The Iranian Islamic Revolution took place in 1979. We were, at the time, in England where M was nearly at the end of his doctoral study. When he finished it successfully, we left for his hometown in Mashhad, Iran. At the time I was preggers with our first child. Our daughter B was born in September 1980, at the same time that the Iran-Iraq war started. What a welcome to the world for her!

Mashhad, 1980

B and her Babah in Mashhad (CNB 1980)

Little B (CNB 1980)

M had to serve his previous university in Kermanshah (renamed Bakhtaran, then later reverted to its old name). So I lived in Mashhad for a while until baby B was ready to travel the very long distance between these two places. In Mashhad I lived with my mother-in-law QJ, together with 2 brothers-in-law. Here we did not really feel the signs of war. When B and I moved to Kermanshah to join M, the war had escalated and this town is that much closer to the enemy. Daily we would watch the tanks and war machinery trundle past the town to get to the war front. All our windows had to be blacked out so that the bombs would hopefully not find their targets. We would watch the 'fireworks' at night from our balconies and rooftops. It was my first (and hopefully the only) experience of living in war time.


Celebrating B's first birthday in Kermanshah (1981)

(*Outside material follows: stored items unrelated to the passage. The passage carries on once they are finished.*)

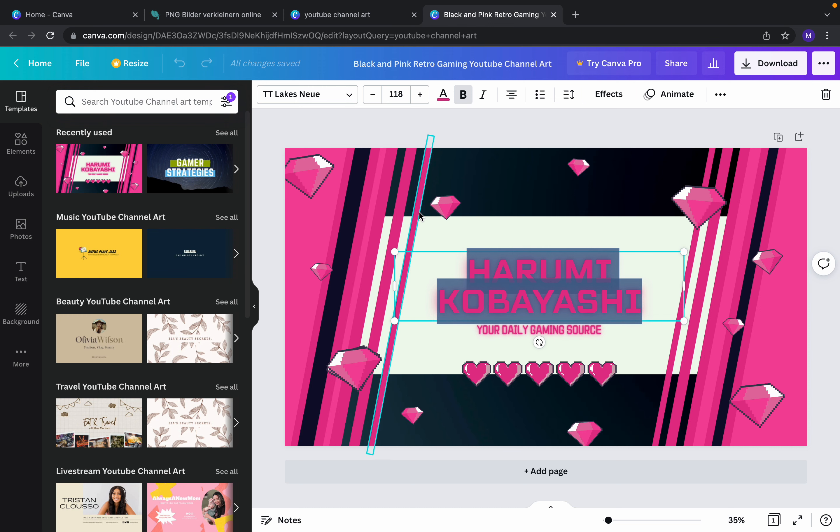On the left side there are different categories you can choose from. For example, for live streaming channels you can choose from here. There are also options for travel, beauty, and music. Here you also have different options — you can search for photos.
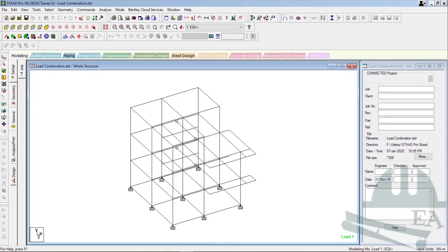Hello friends, welcome to the new section. In this section we will learn how to define the load combination in our structure. We have done all the things required — we have applied all kinds of loads including the seismic load, dead load, and live load. Now we will see how we make the load combinations.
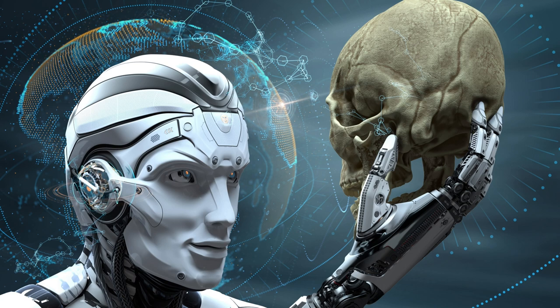In the gleaming halls of Cybertech Innovations, anticipation hangs heavy in the air as the company prepares to reveal its groundbreaking creation, the CyberGuard X5000.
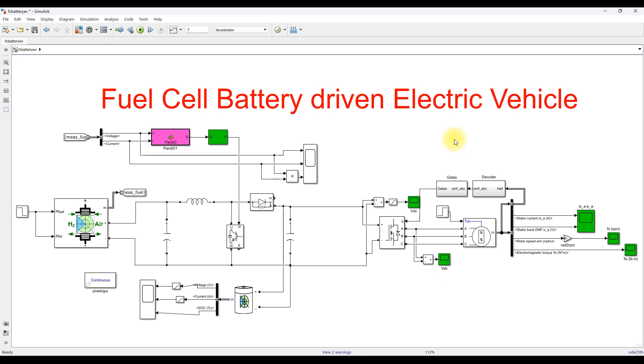This is the operation of the fuel cell battery-based electric vehicle concept in MATLAB. Thanks for watching. Kindly subscribe to the channel and click the bell icon for notifications about upcoming videos. Thank you so much, bye bye.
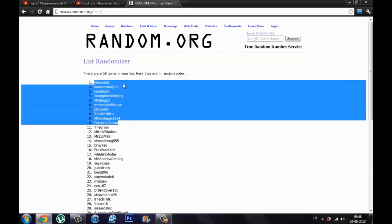Sorry about that I have a bit of a cold. Anyway the first person on the list right here, sorry if I say your name wrong, it's LukaSeb1. Then there's BoovenRooIJ123, TechHelp96, YoungEyeTechHelping, and MrsBNG23.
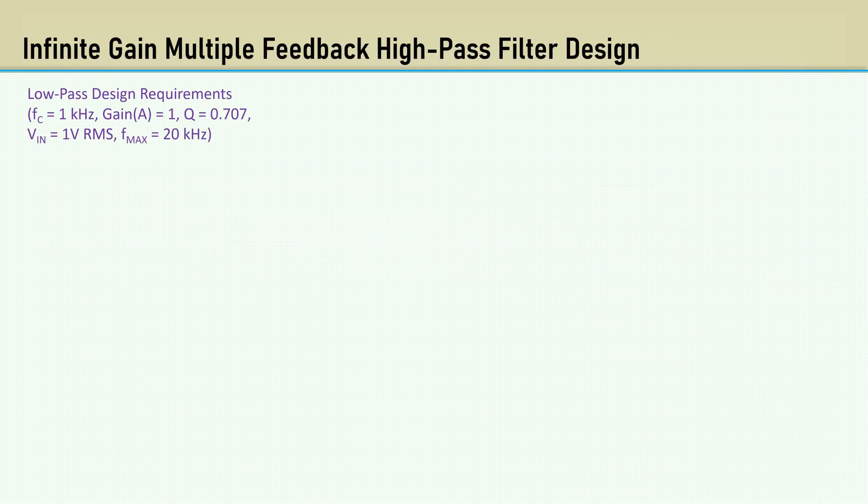The requirements are a corner frequency of 1 kHz. The gain A is 1. The Q is 0.707, again consistent with Butterworth response. The input voltage is 1 volt RMS. And the maximum frequency that is to be output is 20 kHz.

Then our daily living needs started being rationed. We were able to warm up only one room with the fuel oil ration. Food had to be bought with coupons, so also cleaning materials. There were long queues for these necessities, so baby B and I were also in these queues - for chicken (once a week), for meat (two days a week), for 'Tide' (common name for a detergent) and for roghan or cooking oil (every so often).

B in Kermanshah (CNB 1981)

At home in Kermanshah (CNB 1981)

Living in a new country, despite the war, was a pretty interesting experience for me. I  had learnt to speak a bit of the Farsi language (from a Teach Yourself  book), so I went about quite independantly doing what needed doing in our daily life. I went to the bakery (read: hot underground ovens) for our daily bread or naan - usually sanggek (baked on pebble stones) or barbari (salted); to the sabzi furushi for our vegetables; the mive furushi for our fruits; to the 'super' (market) or smaller shops for everything else. I took baby B to the doctor when necessary - like when I was too enthusiastic about introducing her to solid foods that I caused her to have diarrhoea.

A Kermanshah studio photo of me & B (1980)

After two years, the war looked like it would never end, so M and I decided that it was better for us to leave for my home country of Malaysia.

Footnote: The 1988 ceasefire between Iran and Iraq only happened after eight years of  a full scale war that resulted in a severely disrupted economy, and which saw 1,000,000 dead and 1,700,000 wounded.